RESTful-LLaMa-3-8B-app

A simple RESTful service for the Meta-Llama-3-8B-Instruct language model.

Pre-requisites

A CUDA enabled GPU machine with at least 24 GB of RAM
Access to LLaMa-3 weights from Huggingface

Getting Started

Install Docker on the machine https://docs.docker.com/engine/install/ubuntu/
Check CUDA and NVIDIA Driver versions (Important for the base Docker image)
1. Run this on your terminal to check the CUDA version: nvcc --version
2. Run this on your terminal to check the driver version: nvidia-smi
Install NVIDIA Container Tool Kit https://docs.nvidia.com/datacenter/cloud-native/container-toolkit/latest/install-guide.html

Installation

Clone this repo to your GPU machine.
Adapt the base cuda image in the Dockerfile based on the installation on your own machine.
Clone the LLaMa-3 weights from Huggingface into /your/path/to/data/models/ if you want to store the weights locally.
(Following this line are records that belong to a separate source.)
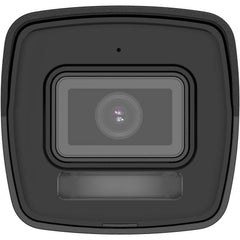 32899 - HIKVISION DS-2CD1043G2-LIU(2.8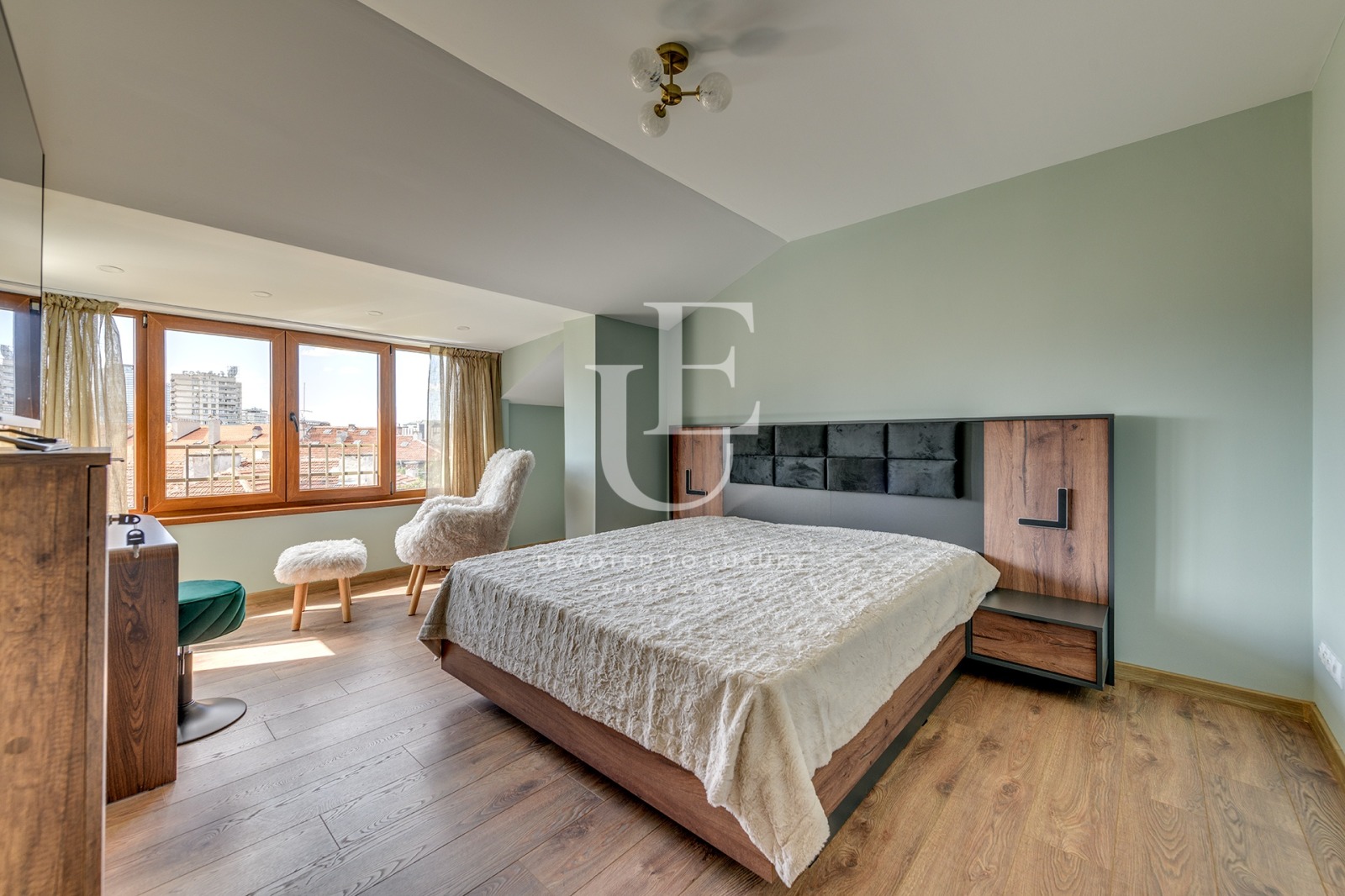 ���� ��� ���� ���������� | Imot.bg � ����������� 4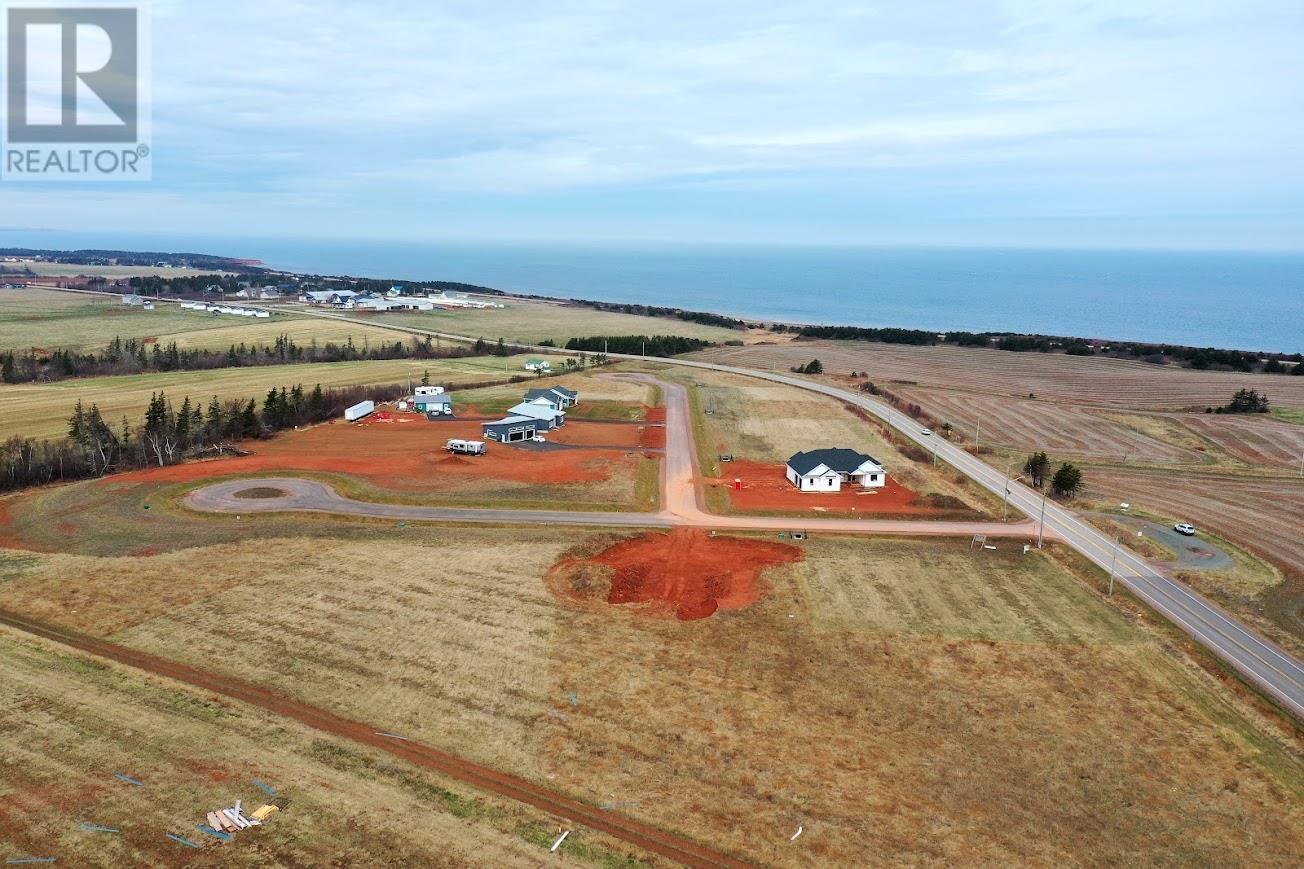 Lot 5 Jaynes Way, Cavendish, Prince Edward Island  C0A 1N0 - Photo 11 - 202508957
Your HF token with write permissions is needed in this step.
(Optional) Change the number of workers in start_app.sh if you want to enable multiple workers to handle simultaneous requests. Keep in mind that each worker loads the model into their own memory, so, one needs approximately 20GB * number of workers of GPU RAM available.
In the app/ folder, run docker build -t restful-llama-3 . to build the Docker image.

How to start

Run the following command to start the Docker container. Configure the run options as desired. It takes a couple of minutes for the container to start and load the model.

docker run --gpus all -d -it -p 5000:5000 -v /your/path/to/data:/restful-llama-3/data -e GRANT_SUDO=yes --user root --restart always --name restful-llama-3 restful-llama-3

How to use

If the container runs with no problems, you should see a welcome message generated by the model on http://localhost:5000/home.

For interacting with the model, you need to send POST requests to http://localhost:5000/chat.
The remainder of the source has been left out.